Exercise: From the line with "Beautiful young happy" down to the final line of the material, please transcribe everything exactly, but leave the pictures out.

== Segment start ==

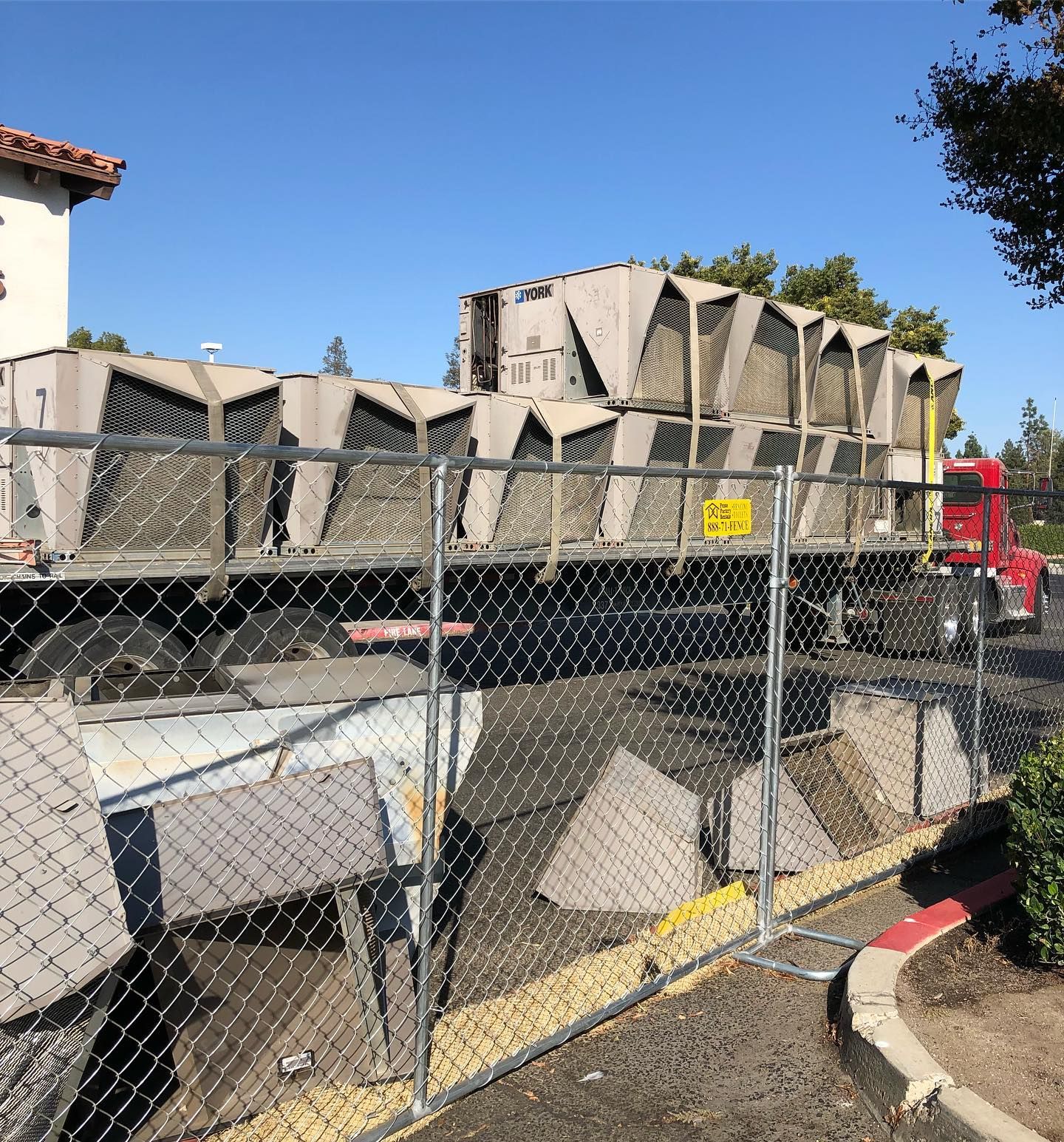 A flatbed truck carrying several large, gray HVAC units behind a chain-link fence.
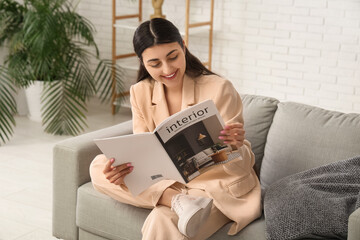 Beautiful young happy woman reading magazine at home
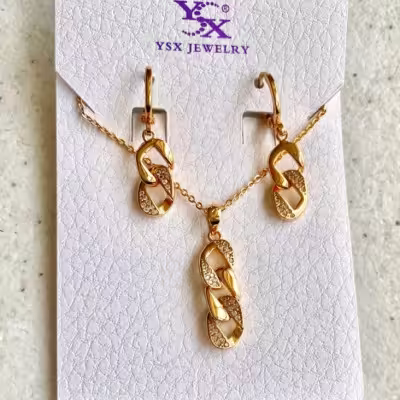 نیم ست زنانه طلایی مدل کارتیر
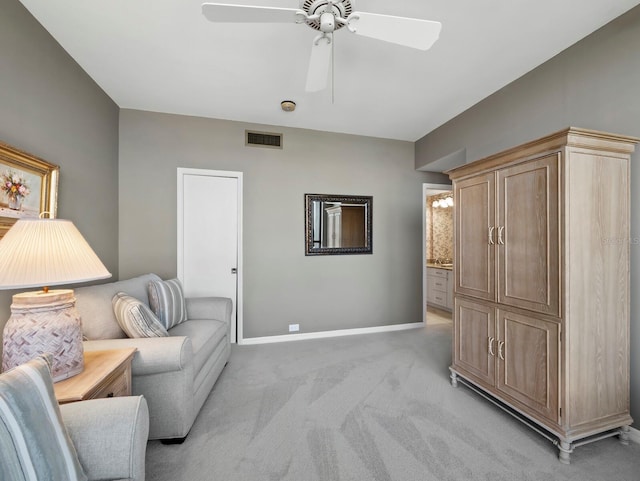 sitting room with light colored carpet, baseboards, visible vents, and a ceiling fan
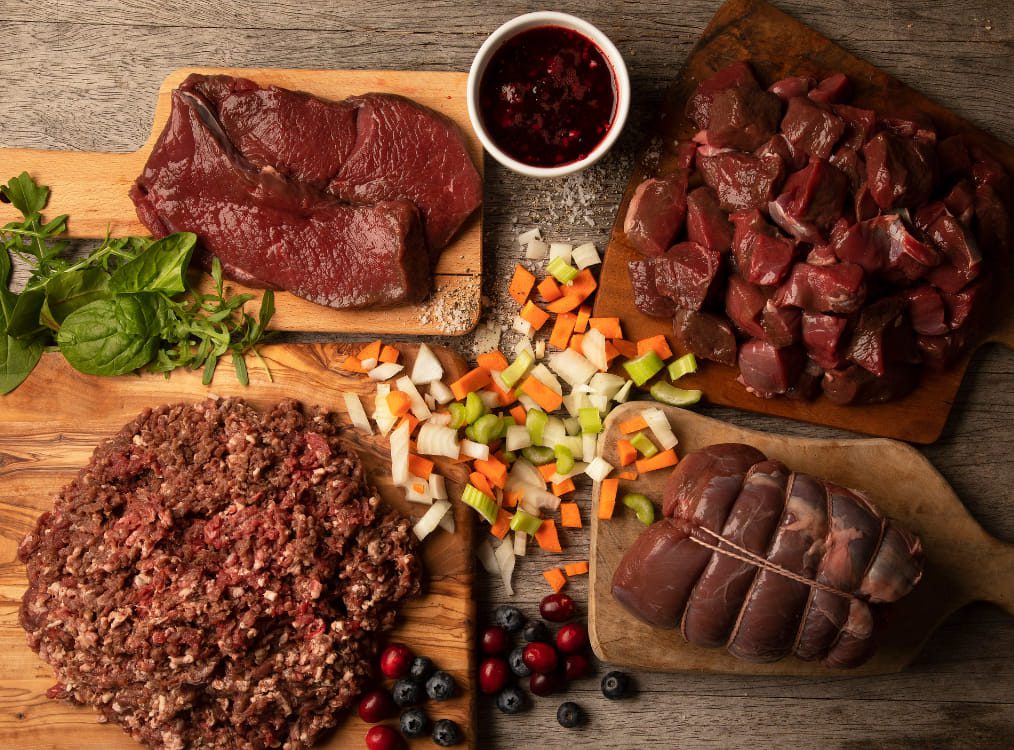 A selection of steaks, roasting joints, mince and diced meat on wooden chopping boards.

== Segment end ==

Answer to the problem:
 Beautiful young happy woman reading magazine at home
 نیم ست زنانه طلایی مدل کارتیر
 sitting room with light colored carpet, baseboards, visible vents, and a ceiling fan
 A selection of steaks, roasting joints, mince and diced meat on wooden chopping boards.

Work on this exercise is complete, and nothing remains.